### What you will do
Every line of the data is to be reproduced exactly.

### Exercise inputs
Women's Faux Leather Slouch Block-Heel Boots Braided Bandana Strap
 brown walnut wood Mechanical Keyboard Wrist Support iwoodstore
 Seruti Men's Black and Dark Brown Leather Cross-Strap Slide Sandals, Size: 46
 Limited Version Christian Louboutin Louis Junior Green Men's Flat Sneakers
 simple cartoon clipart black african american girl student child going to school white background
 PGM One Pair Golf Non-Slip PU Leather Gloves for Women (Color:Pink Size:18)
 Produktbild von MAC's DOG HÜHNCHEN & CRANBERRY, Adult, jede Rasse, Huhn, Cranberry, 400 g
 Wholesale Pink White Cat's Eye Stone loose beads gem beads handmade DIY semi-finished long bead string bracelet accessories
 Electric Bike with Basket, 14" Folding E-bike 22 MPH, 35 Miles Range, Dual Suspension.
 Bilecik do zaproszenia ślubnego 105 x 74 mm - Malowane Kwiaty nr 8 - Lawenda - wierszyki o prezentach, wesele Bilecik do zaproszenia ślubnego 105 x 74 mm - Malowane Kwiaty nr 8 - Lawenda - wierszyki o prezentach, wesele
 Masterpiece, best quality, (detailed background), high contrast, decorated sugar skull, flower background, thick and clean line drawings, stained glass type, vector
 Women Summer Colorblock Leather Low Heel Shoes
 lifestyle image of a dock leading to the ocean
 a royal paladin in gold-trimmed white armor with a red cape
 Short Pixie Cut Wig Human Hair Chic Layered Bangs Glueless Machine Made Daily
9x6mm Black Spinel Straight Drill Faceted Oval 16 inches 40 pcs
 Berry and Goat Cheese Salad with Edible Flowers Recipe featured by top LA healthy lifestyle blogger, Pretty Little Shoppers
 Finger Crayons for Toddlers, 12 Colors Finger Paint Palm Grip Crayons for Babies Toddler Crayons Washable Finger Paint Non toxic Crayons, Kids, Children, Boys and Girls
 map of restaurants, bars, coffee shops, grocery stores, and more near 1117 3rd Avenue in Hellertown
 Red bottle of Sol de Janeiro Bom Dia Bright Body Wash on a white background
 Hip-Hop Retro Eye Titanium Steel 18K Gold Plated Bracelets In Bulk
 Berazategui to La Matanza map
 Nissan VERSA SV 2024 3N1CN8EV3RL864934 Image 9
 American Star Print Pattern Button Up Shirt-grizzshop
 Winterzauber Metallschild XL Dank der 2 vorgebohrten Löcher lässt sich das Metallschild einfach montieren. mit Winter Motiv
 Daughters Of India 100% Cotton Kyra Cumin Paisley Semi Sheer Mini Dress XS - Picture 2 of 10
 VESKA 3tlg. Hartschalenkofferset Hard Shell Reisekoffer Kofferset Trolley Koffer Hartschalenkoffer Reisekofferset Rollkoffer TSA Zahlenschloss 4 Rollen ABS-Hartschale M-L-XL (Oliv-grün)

### Response to this exercise
Women's Faux Leather Slouch Block-Heel Boots Braided Bandana Strap
 brown walnut wood Mechanical Keyboard Wrist Support iwoodstore
 Seruti Men's Black and Dark Brown Leather Cross-Strap Slide Sandals, Size: 46
 Limited Version Christian Louboutin Louis Junior Green Men's Flat Sneakers
 simple cartoon clipart black african american girl student child going to school white background
 PGM One Pair Golf Non-Slip PU Leather Gloves for Women (Color:Pink Size:18)
 Produktbild von MAC's DOG HÜHNCHEN & CRANBERRY, Adult, jede Rasse, Huhn, Cranberry, 400 g
 Wholesale Pink White Cat's Eye Stone loose beads gem beads handmade DIY semi-finished long bead string bracelet accessories
 Electric Bike with Basket, 14" Folding E-bike 22 MPH, 35 Miles Range, Dual Suspension.
 Bilecik do zaproszenia ślubnego 105 x 74 mm - Malowane Kwiaty nr 8 - Lawenda - wierszyki o prezentach, wesele Bilecik do zaproszenia ślubnego 105 x 74 mm - Malowane Kwiaty nr 8 - Lawenda - wierszyki o prezentach, wesele
 Masterpiece, best quality, (detailed background), high contrast, decorated sugar skull, flower background, thick and clean line drawings, stained glass type, vector
 Women Summer Colorblock Leather Low Heel Shoes
 lifestyle image of a dock leading to the ocean
 a royal paladin in gold-trimmed white armor with a red cape
 Short Pixie Cut Wig Human Hair Chic Layered Bangs Glueless Machine Made Daily
9x6mm Black Spinel Straight Drill Faceted Oval 16 inches 40 pcs
 Berry and Goat Cheese Salad with Edible Flowers Recipe featured by top LA healthy lifestyle blogger, Pretty Little Shoppers
 Finger Crayons for Toddlers, 12 Colors Finger Paint Palm Grip Crayons for Babies Toddler Crayons Washable Finger Paint Non toxic Crayons, Kids, Children, Boys and Girls
 map of restaurants, bars, coffee shops, grocery stores, and more near 1117 3rd Avenue in Hellertown
 Red bottle of Sol de Janeiro Bom Dia Bright Body Wash on a white background
 Hip-Hop Retro Eye Titanium Steel 18K Gold Plated Bracelets In Bulk
 Berazategui to La Matanza map
 Nissan VERSA SV 2024 3N1CN8EV3RL864934 Image 9
 American Star Print Pattern Button Up Shirt-grizzshop
 Winterzauber Metallschild XL Dank der 2 vorgebohrten Löcher lässt sich das Metallschild einfach montieren. mit Winter Motiv
 Daughters Of India 100% Cotton Kyra Cumin Paisley Semi Sheer Mini Dress XS - Picture 2 of 10
 VESKA 3tlg. Hartschalenkofferset Hard Shell Reisekoffer Kofferset Trolley Koffer Hartschalenkoffer Reisekofferset Rollkoffer TSA Zahlenschloss 4 Rollen ABS-Hartschale M-L-XL (Oliv-grün)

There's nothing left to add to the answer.